Lyme councillor Cheryl Reynolds, who brought her to the meeting, and who spoke in favour of the crossing said she too was grateful to the committee listening to the arguments in favour of the crossing.

“Who has heard of a town without a proper pedestrian crossing?” said Cllr Reynolds.

Councillors were told that officers were persuaded to recommend refusing the scheme after a large number of formal letters of objection, primarily about the loss of parking spaces in the street to make way for the crossing, fears about adding to congestion, and an argument that traffic was so slow that, for most, it was relatively easy to cross the street.

In a letter to the committee from Miss Wiscombe, read by Cllr Reynolds, she said that took no account of people who, like her, were partially-sighted, or less able to dodge between cars. The controlled crossing, she said, offered an area of safety to cross.

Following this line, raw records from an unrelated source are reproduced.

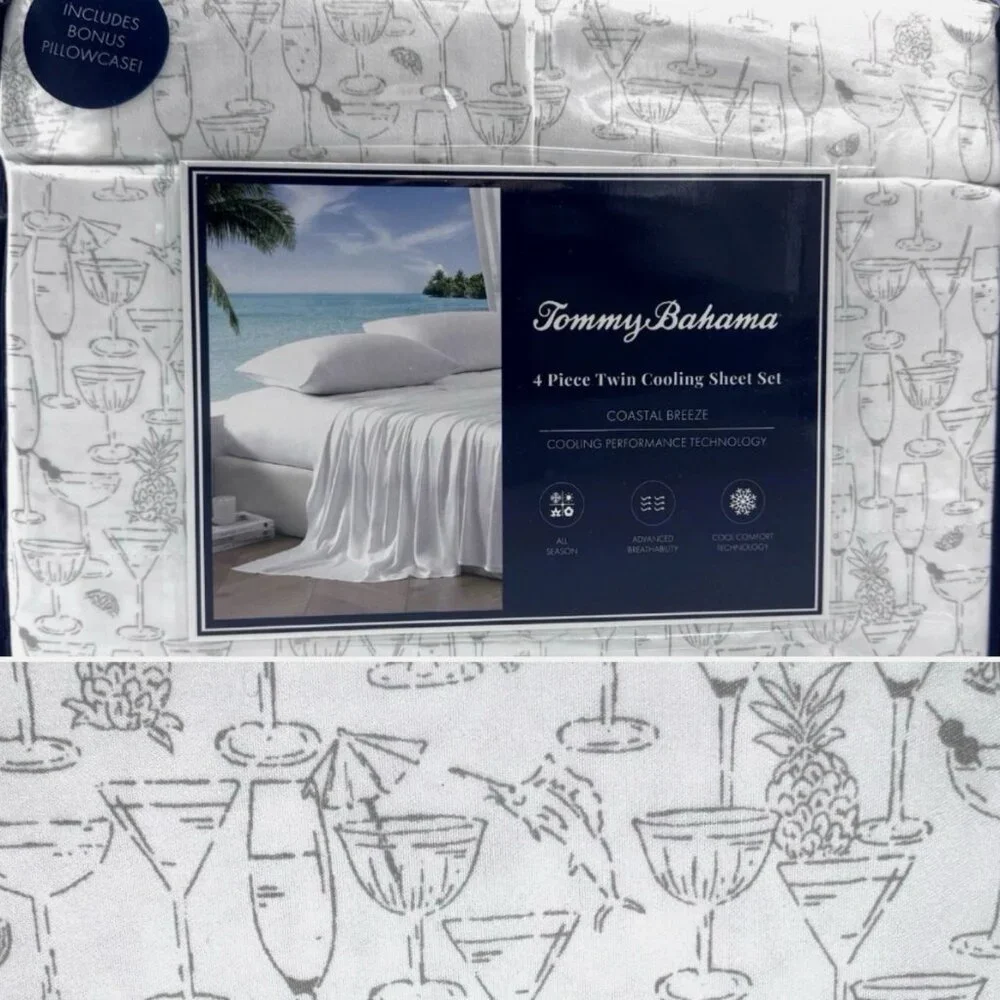 NEW 4pc Tommy Bahama TWIN Sheet Set Cooling Island Time Tropical Cocktail Drinks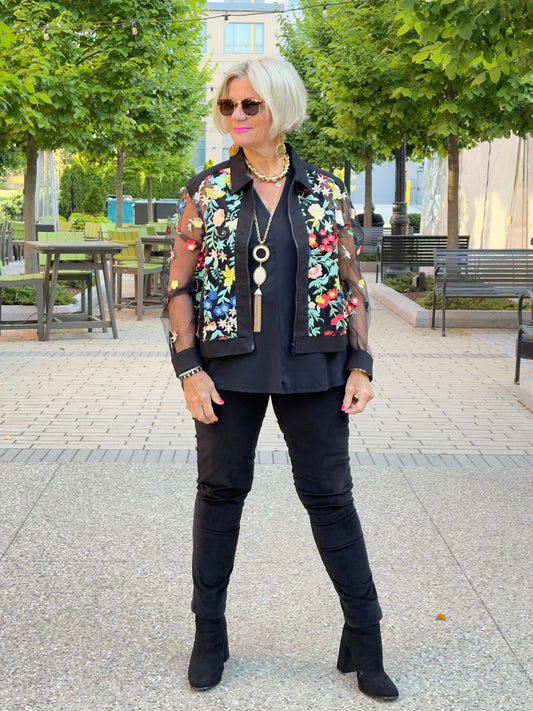 AFTERNOON AT THE GARDEN LACE BLACK JACKET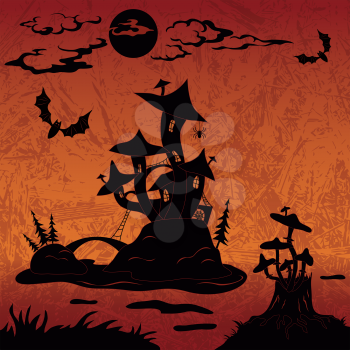 Holiday Halloween landscape with magic mushroom castle on the marsh island, moon, stump with toadstools and bats, black silhouette on abstract background. Vector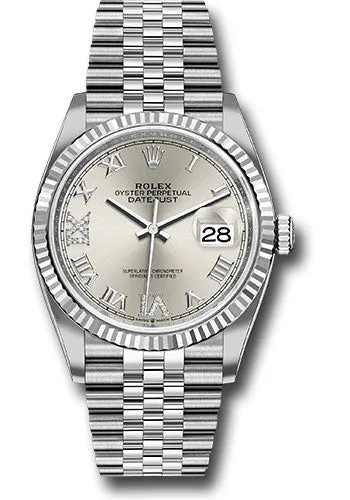 Rolex Steel Datejust 36 Watch - Fluted Bezel - Silver Diamond Roman VI and IX Dial - Jubilee Bracelet - 126234 sdr69j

Project engineer Andrew Bradley said the crossing could only realistically be installed in one position, half-way up the main street, between the Pug and Puffin shop and Joules on the other side, and would involve the loss of a minimum of four to five short-term parking spaces because the law required zig-zag no parking zones either side of a Puffin crossing.

Committee chairman Cllr David Jones said he often pushed his wife in a wheelchair and knew the benefits of having somewhere where it was guaranteed to be safe to cross: “I don’t like playing car roulette. It’s much safer to find a crossing.”

Support also came from Chickerell and Chesil Bank councillor Jean Dunseith who said the council had a duty to look after the less able: “It’s been pointed out that this is a town without a crossing and that’s a bad state of affairs. We are in a position to put that right for visitors and residents.”

A final decision will be made by the county council cabinet.

In a separate move officers are being asked to work with the town council to try and create more parking spaces in the street, possibly by moving the bus stop outside the Post Office to another location.

CATEGORIESSTORY

Edit "Lyme : Controversial crossing agreed"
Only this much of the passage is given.